Menino, não,  meu menino!
Passaram umas porções de 30 dias doa quais eu tenho o privilégio de dormir e acordar ao teu lado. Abrir os olhos e sentir teus lábios tocando os meu acompanhados de um sonoro "bom dia'.
Essa rotina chegou ao fim, mas o ampr só cresce.

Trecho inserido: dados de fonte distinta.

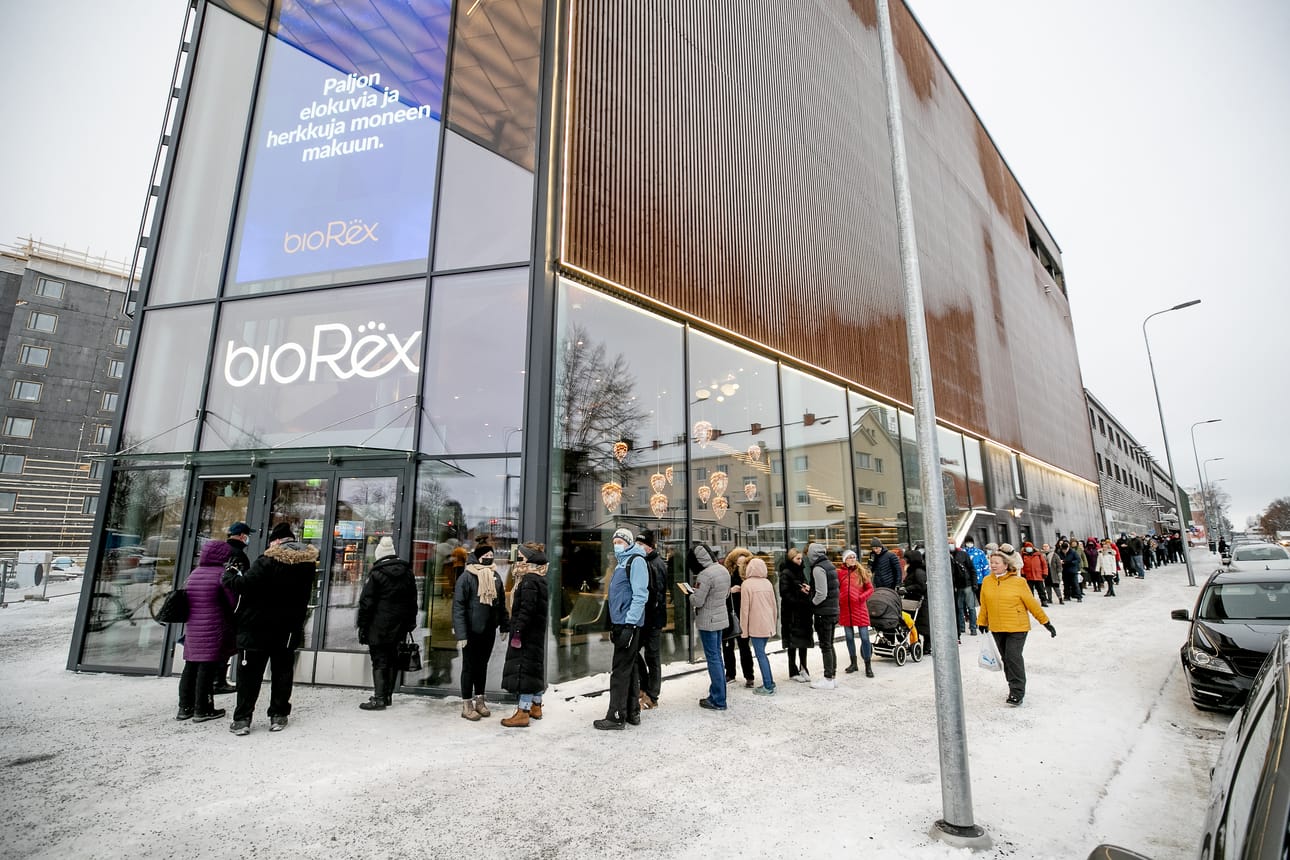 Ensimmäiset kävijät olivat saapuneet Bio Rexin eteen hyvissä ajoin. Täkynä olivat tarjoushintaiset elokuvaliput.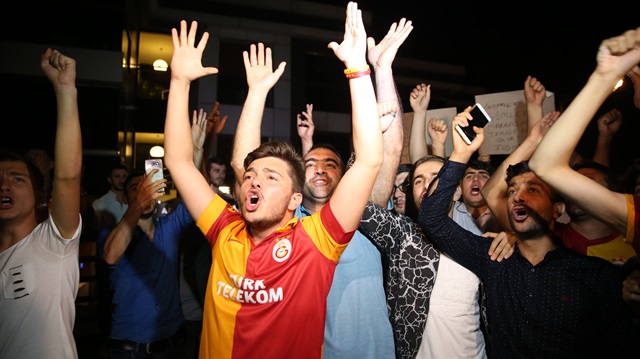 Galatasaraylı taraftarlar Florya'daki protestolarda takımın başında görmek istedikleri isim için tezahüratlarda bulundu.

Você me pergunta pelo que em você me apaixonei... e aqui te digo: me apaixonei por voce sendo você,  pelo jeito que reclinava o pescoço pra trás sorrindo, como me fazia sorrir, como (frustado) tentava me fazer cócegas e principalmente toda vez que dizia tchau e logo após me ganhava as lágrimas.  Hoje não é diferente,  você saiu do carri com toda sua marra matinal, diferente dos outros domingos nao me deu um beijo de despedida pelo qual esperei, e se pões a caminhar ao trem enquanto eu refletia nosso discussão anterior e quanto eu amava aquele cara que se distanciava do carro. Normal. Até que a noite cai e na cama você não esta ao meu lado. Dói, e chorando eu te ligo pra lembrar o quão não faz mais sentido não te ter ao meu lado.

Nunca vá, nunca desista. Persista. Meu menino.